Aber Eigenmarken folgen nicht nur sehr schnell aktuellen Trends.

Was Eigenmarken den Markendinos voraushaben

2. Eigenmarken setzen Trends

Einfach mal schnell was Neues ausprobieren: Das trauen sich die Ketten mit ihren Eigenmarken. Erst als „Aktion“ und wenn die zieht, dann länger oder dauerhaft. Dontodent-Zahncreme mit Zitronengeschmack. Brrrr. Eben Geschmackssache. Aber einen Versuch wert.

PR-Vorreiter in Sachen „Selber Trends setzen“ ist gefühlt Rewe. Während Zuckerverarbeiter wie Coca-Cola regelrecht per Gesetz dazu geprügelt werden muss, den Zucker in seinen Limonaden zu reduzieren (rund um Deutschland herum versteht sich, wir hier haben Julia Klöckner, die will ja keinen dazu nötigen, Gesünderes zu verkaufen), macht sich Rewe einen Sport aus dem Zuckersparen. Die Kölner Kette fragte vor einiger Zeit die eigenen Kunden: Welche Puddingsorte schmeckt Ihnen am besten? Die originale Variante mit viel Zucker oder eine der drei Testvarianten mit 20, 30 und 40 Prozent weniger Zucker? Die 30er-Variante siegte. Und nur noch diese verkauft Rewe jetzt. Mittlerweile stimmt Rewe weiter ab. Gerade hat ein Müsli mit 30 Prozent weniger Zucker gewonnen.

Auch andere Ketten machen mit beim Zuckerreduzieren in ihren Eigenmarken, teilweise und nach und nach sogar ohne großes PR-Aufhebens. Wer weniger Zucker will, guckt am besten bei den Eigenmarken.

3. Eigenmarken revolutionieren ihr Produktdesign

In der letzten Zeit fällt mir auf: Verpackungen von Eigenmarken im mittleren Preissegment (also eben nicht Ja!) sind mittlerweile mitunter so derartig hübsch gestaltet, dass teure Markenprodukte nicht mehr mithalten können. Gutes Beispiel sind die Kosmetik-Marken von Rossmann und dm. Die Spender einfacher Handflüssigseifen sehen mittlerweile so modern und schick aus, dass man sie am liebsten aufheben und wieder befüllen würde: im dunkelbraunen Apotheker-Flaschen-Look mit Etiketten in entsprechend vergilbten Farben. Teurer als die Basis (und vielleicht gar nicht besser), aber eben cooler als die oft noch teureren Weltmarken (die ja bekanntlich ebenfalls nicht automatisch besser sind). Diesen Image-Boost muss man erstmal hinkriegen.

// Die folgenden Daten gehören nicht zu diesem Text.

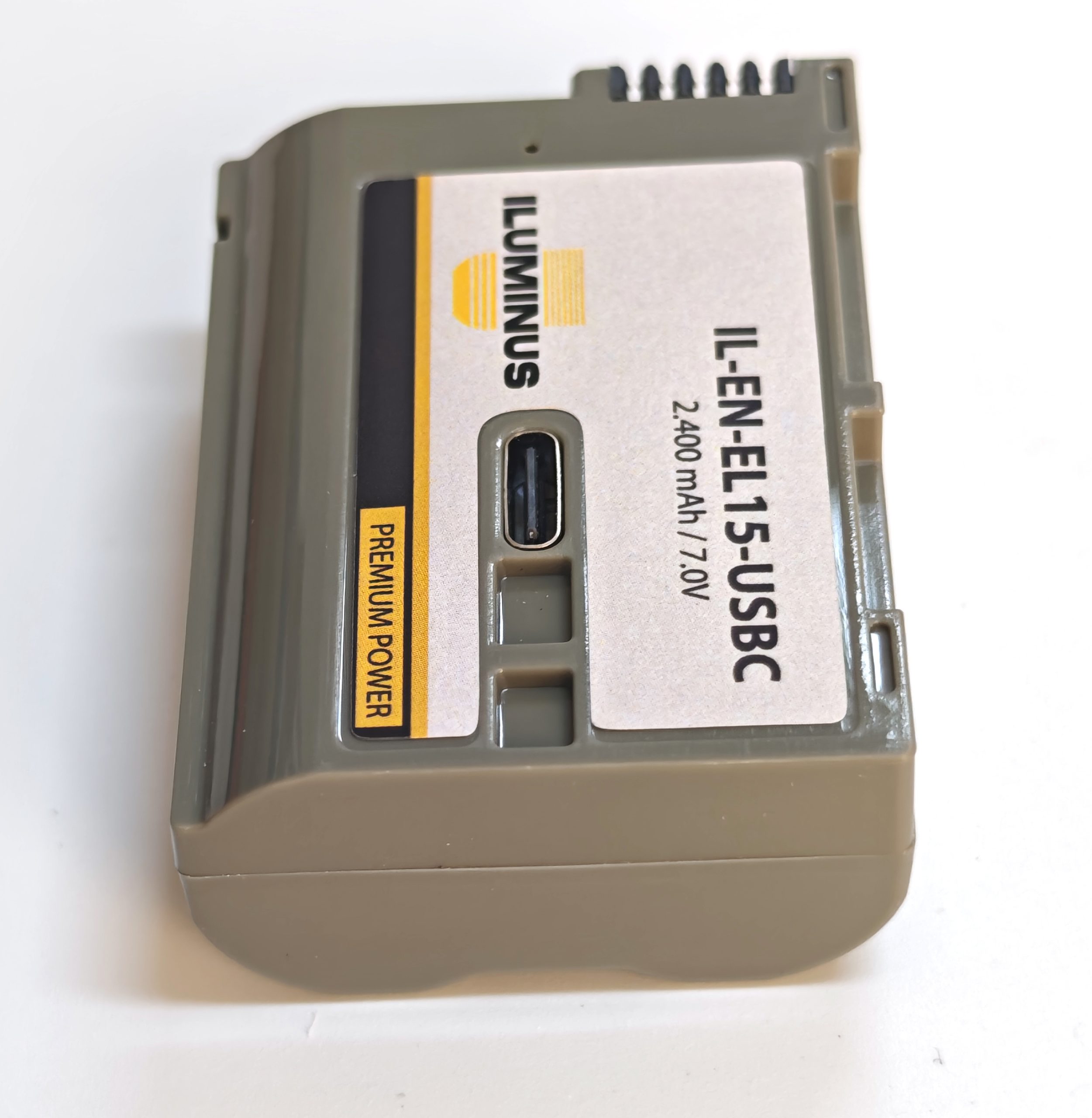 Iluminus IL-EN-EL15USBC Batería Con Puerto Usb-C de Carga Para Cámaras Que Usan EN-EL15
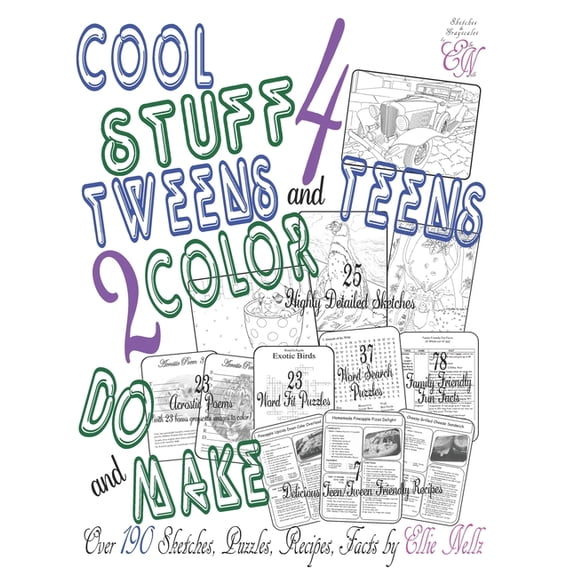 Cool Stuff 4 Teens and Tweens 2 Color, Do, & Make (Paperback)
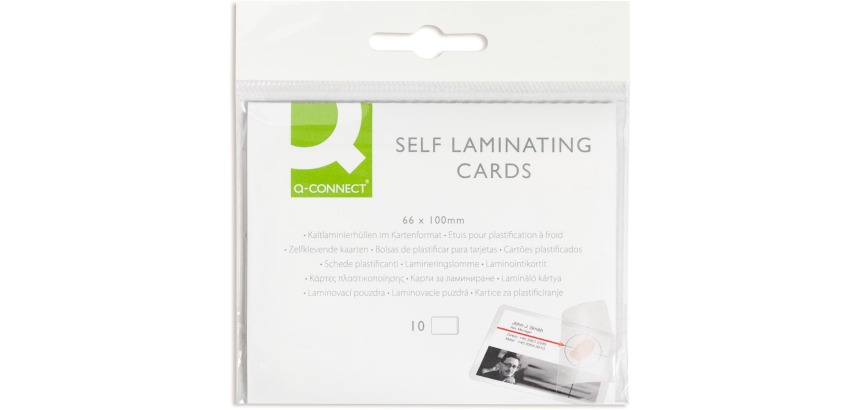 Q-CONNECT pochettes de plastification 66x100mm 10 pièces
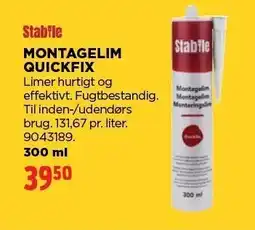 jem & fix MONTAGELIM QUICKFIX tilbud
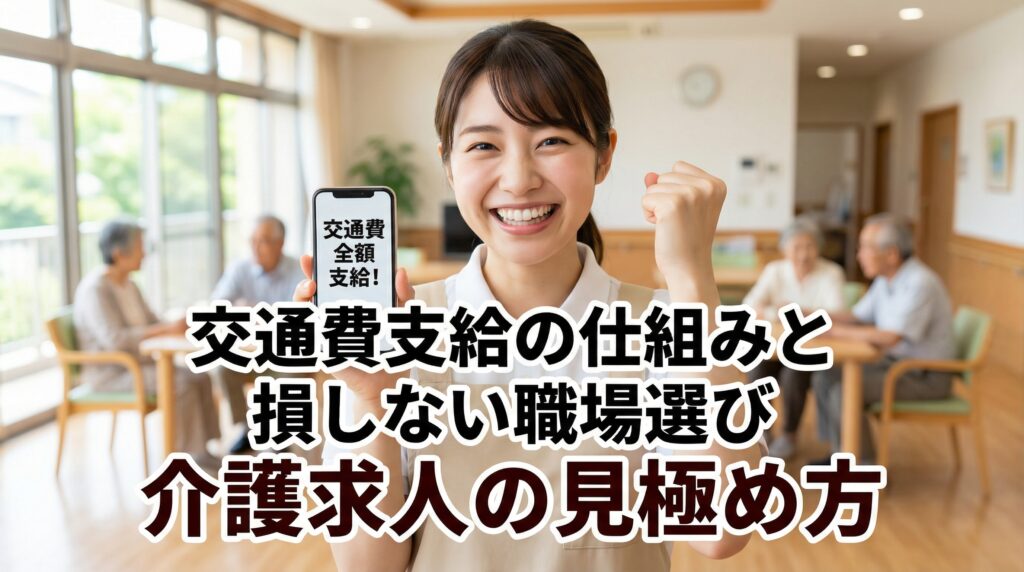 交通費支給の仕組みと損しない職場選び｜介護求人の見極め方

Unterm Strich bedeutet das neue Selbstbewusstsein der Eigenmarken für die globalen Markenhersteller vor allem eins: Sie verlieren den Nimbus als Premium-Hersteller. Denn die neuen Eigenmarken sind emotional (Trend) und vernünftig (Preis). Und ist das nicht das wahre Premium für den mündigen Verbraucher?

Dass Edeka sich da besonders viel zutraut, merkt gerade Kraft Heinz. Wegen Streit um die Einkaufspreise hat Edeka den Kraft-Ketchup aus dem Sortiment geschmissen. Und will jetzt eine eigene Edeka-Ketchup-Marke entwickeln. Ich frage mich: Warum brauchen wir Kunden noch Kraft, wenn wir doch unser Edeka haben?

Die heimischen Handelsketten hier sind schließlich mittlerweile die neuen Kundenversteher. Die wissen, wie wir ticken. Und können vor allem regional drauf reagieren. Die alten Markendinosaurier von Übersee kommen da nicht mehr mit. Die entwickeln nicht selten Produkte, die den US-Amerikanern, Japanern und Franzosen gemeinsam schmecken müssen.

Oder ist, wer so denkt, einfach nur armes Opfer eines cleveren Marketings? Okay, aber dann ist doch zumindest das Eigenmarken-Marketing genial.